**Information shown:**
=== Section Start ===
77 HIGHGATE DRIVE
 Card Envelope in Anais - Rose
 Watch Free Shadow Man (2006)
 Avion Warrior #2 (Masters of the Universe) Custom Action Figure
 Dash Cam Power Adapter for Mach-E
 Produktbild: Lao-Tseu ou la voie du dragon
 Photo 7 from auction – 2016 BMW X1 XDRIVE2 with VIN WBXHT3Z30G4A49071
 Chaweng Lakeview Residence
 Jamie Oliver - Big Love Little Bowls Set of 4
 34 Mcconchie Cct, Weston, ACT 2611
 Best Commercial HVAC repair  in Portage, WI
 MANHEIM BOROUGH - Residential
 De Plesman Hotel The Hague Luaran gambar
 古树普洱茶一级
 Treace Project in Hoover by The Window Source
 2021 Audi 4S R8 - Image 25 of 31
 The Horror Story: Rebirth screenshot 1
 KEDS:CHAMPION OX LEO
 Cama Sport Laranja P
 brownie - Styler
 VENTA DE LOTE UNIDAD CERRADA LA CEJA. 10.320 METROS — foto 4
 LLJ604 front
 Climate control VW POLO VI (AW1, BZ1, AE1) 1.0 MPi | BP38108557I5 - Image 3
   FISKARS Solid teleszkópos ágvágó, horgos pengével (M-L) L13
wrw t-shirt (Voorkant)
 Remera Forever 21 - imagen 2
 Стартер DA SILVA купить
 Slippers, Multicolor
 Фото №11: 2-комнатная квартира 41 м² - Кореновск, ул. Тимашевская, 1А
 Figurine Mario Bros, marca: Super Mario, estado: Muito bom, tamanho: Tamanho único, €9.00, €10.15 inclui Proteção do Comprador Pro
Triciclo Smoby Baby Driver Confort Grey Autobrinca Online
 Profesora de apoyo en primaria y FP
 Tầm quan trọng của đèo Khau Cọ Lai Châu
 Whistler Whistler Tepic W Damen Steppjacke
=== Section End ===
**Your instructions:**
Beginning with the line that contains "FISKARS Solid teleszkópos", restate word for word each line through the last one in the data, and write nothing more.

**Exercise answer:**
   FISKARS Solid teleszkópos ágvágó, horgos pengével (M-L) L13
wrw t-shirt (Voorkant)
 Remera Forever 21 - imagen 2
 Стартер DA SILVA купить
 Slippers, Multicolor
 Фото №11: 2-комнатная квартира 41 м² - Кореновск, ул. Тимашевская, 1А
 Figurine Mario Bros, marca: Super Mario, estado: Muito bom, tamanho: Tamanho único, €9.00, €10.15 inclui Proteção do Comprador Pro
Triciclo Smoby Baby Driver Confort Grey Autobrinca Online
 Profesora de apoyo en primaria y FP
 Tầm quan trọng của đèo Khau Cọ Lai Châu
 Whistler Whistler Tepic W Damen Steppjacke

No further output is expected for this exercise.